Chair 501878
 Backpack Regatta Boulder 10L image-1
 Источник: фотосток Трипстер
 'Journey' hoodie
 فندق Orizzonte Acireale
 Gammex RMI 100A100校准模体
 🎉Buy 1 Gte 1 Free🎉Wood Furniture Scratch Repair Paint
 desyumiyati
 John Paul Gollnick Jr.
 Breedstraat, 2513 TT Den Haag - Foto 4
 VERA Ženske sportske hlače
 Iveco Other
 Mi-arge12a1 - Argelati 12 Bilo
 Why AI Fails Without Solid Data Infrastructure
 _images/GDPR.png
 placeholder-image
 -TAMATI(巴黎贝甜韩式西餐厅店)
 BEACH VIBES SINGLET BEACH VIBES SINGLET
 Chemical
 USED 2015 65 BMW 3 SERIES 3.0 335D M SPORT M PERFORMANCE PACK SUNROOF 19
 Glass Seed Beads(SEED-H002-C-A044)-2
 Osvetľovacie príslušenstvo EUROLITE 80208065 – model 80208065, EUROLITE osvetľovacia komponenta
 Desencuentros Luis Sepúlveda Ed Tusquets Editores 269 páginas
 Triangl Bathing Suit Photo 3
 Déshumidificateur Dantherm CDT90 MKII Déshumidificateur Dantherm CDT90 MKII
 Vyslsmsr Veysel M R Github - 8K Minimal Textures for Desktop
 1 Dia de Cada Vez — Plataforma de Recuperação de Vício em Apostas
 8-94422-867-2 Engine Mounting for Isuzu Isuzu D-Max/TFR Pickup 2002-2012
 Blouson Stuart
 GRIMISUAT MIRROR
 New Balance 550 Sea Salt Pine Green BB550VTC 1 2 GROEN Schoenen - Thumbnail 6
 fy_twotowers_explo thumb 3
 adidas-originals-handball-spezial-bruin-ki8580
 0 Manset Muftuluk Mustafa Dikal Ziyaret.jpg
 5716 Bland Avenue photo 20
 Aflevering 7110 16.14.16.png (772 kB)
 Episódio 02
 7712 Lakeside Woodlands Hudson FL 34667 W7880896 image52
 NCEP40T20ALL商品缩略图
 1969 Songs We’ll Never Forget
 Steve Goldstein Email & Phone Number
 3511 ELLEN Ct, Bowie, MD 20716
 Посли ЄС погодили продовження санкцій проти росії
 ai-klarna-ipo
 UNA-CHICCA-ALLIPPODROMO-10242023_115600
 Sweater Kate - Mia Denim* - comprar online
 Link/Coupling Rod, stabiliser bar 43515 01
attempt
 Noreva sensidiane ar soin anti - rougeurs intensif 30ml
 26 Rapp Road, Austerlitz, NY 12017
————
> **TASK DIRECTIONS**:
Would you print exactly and only the lines of the material above that run from the line with "Glass Seed Beads(SEED-H002-C-A044)-2" through the line with "Triangl Bathing Suit Photo 3", both included?

> **THE ANSWER**:
 Glass Seed Beads(SEED-H002-C-A044)-2
 Osvetľovacie príslušenstvo EUROLITE 80208065 – model 80208065, EUROLITE osvetľovacia komponenta
 Desencuentros Luis Sepúlveda Ed Tusquets Editores 269 páginas
 Triangl Bathing Suit Photo 3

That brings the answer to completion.